>>

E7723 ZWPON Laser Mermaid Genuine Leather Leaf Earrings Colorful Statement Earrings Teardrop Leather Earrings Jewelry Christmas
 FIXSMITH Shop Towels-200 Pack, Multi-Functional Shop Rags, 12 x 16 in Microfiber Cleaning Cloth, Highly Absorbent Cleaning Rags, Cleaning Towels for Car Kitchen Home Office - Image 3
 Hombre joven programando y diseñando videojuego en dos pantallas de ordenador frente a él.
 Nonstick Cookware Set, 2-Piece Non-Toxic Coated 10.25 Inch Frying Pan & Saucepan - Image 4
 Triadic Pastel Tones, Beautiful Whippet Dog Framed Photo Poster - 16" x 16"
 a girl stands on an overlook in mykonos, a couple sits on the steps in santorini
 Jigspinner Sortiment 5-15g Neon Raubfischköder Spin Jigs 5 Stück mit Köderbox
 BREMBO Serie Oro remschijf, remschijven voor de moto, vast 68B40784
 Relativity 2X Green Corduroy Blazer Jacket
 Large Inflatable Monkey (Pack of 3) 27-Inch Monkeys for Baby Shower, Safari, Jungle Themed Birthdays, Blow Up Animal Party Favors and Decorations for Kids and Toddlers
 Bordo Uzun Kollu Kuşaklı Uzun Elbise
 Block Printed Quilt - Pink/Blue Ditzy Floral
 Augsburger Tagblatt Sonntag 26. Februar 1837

<<

[WORK TASK]
Only a number is wanted here: how many lines of the records above hold the word "Pack".

[SOLUTION FOR THIS TASK]
2